YOUR ASSIGNMENT> From the line containing "Types Of Films" to the final line of the entries, copy each line exactly. Pictures stay out.
━━━━━ PROVIDED DATA ━━━━━
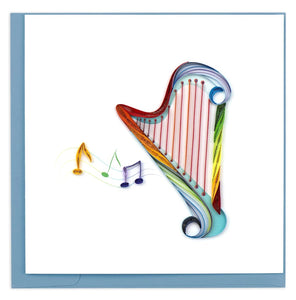 Quilled Harp Greeting Card RETIRED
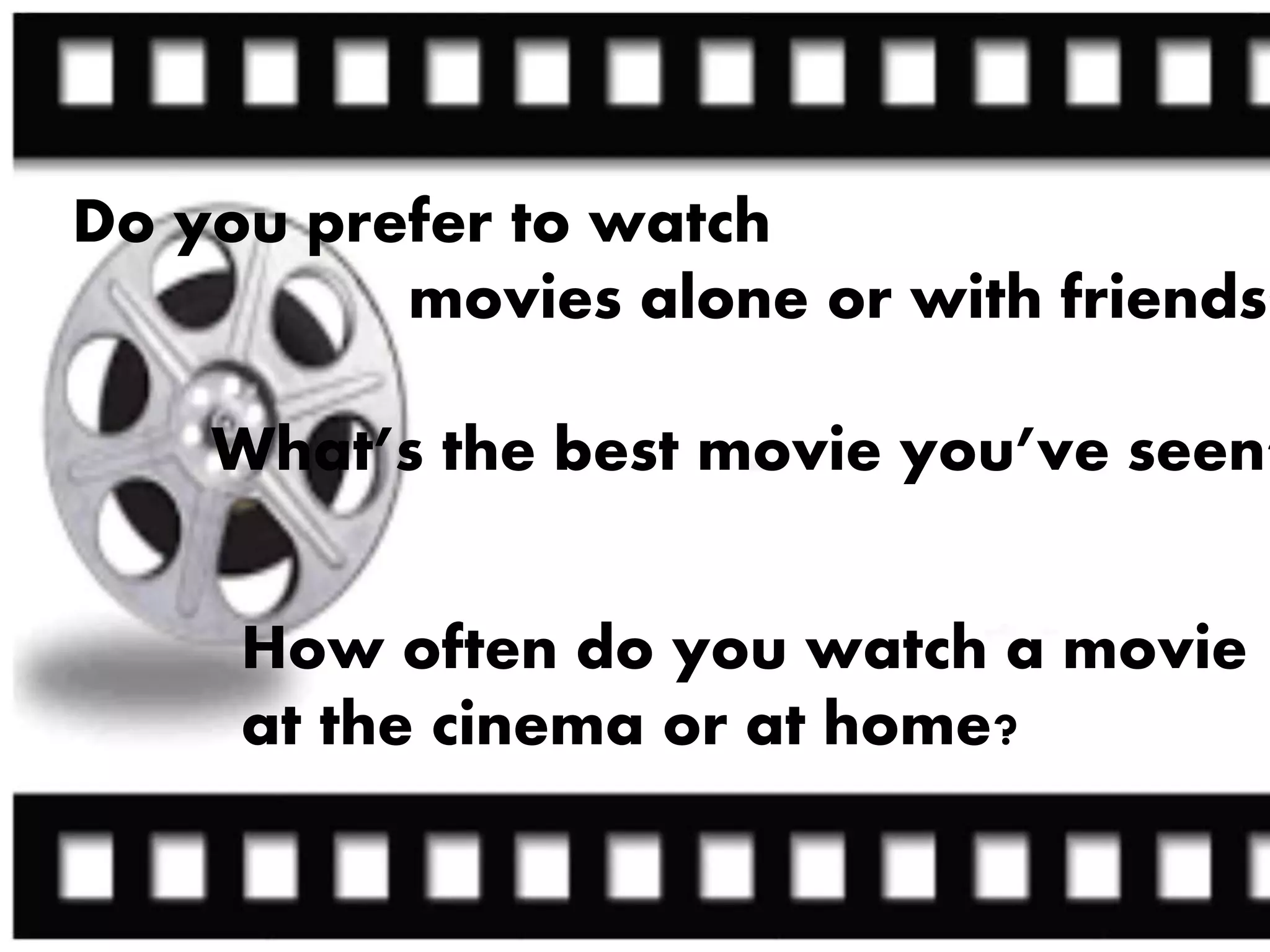 Types Of Films movies PPT types-of-films-movies-ppt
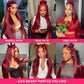 32 Inch Burgundy Wig Human Hair 99j Burgundy Lace Front Wigs Human Hair Red Human Hair Lace Front Wigs 200 Density 13x6 Hd Frontal Glueless Colored Wigs Human Hair Straight Wigs Human Hair Pre Plucked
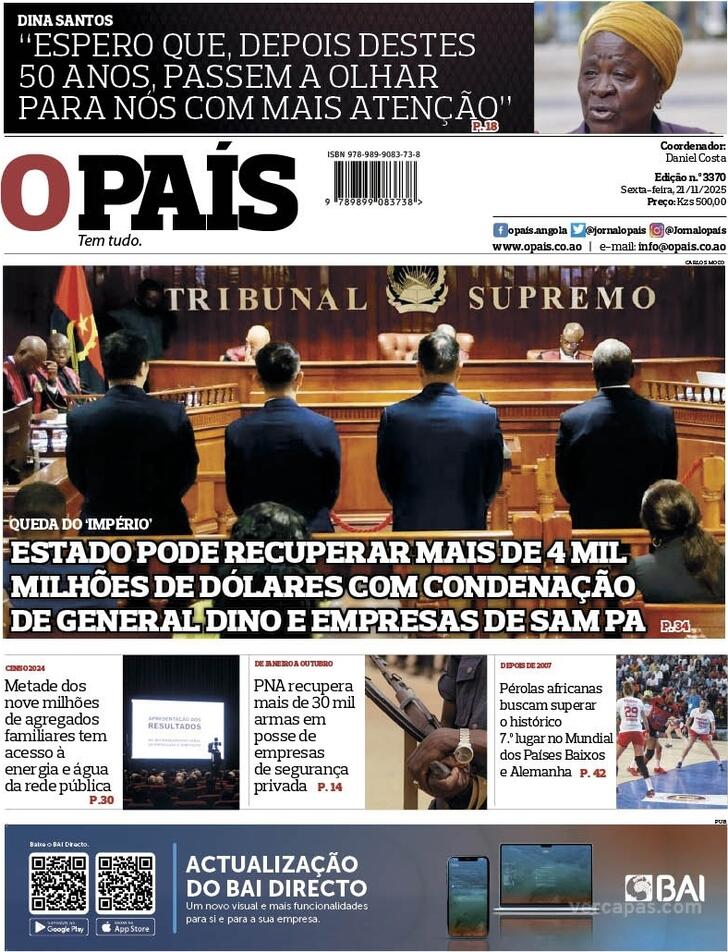 Capa O Pas (Angola) - 2025-11-21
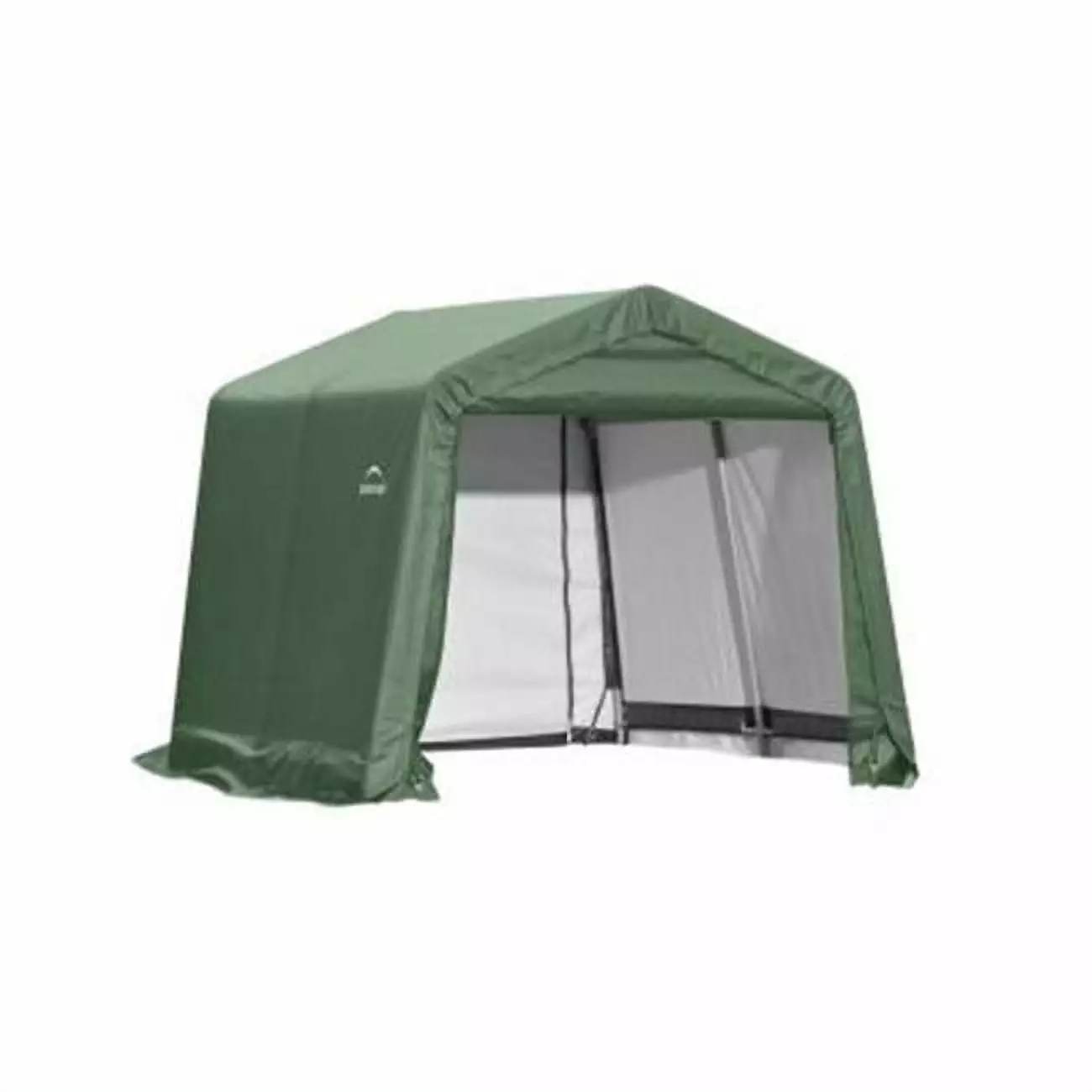 ShelterLogic 10x16x8 Peak Style Shelter Green Cover Outdoor Storage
━━━━━
WRITTEN SOLUTION>
 Types Of Films movies PPT types-of-films-movies-ppt
 32 Inch Burgundy Wig Human Hair 99j Burgundy Lace Front Wigs Human Hair Red Human Hair Lace Front Wigs 200 Density 13x6 Hd Frontal Glueless Colored Wigs Human Hair Straight Wigs Human Hair Pre Plucked
 Capa O Pas (Angola) - 2025-11-21
 ShelterLogic 10x16x8 Peak Style Shelter Green Cover Outdoor Storage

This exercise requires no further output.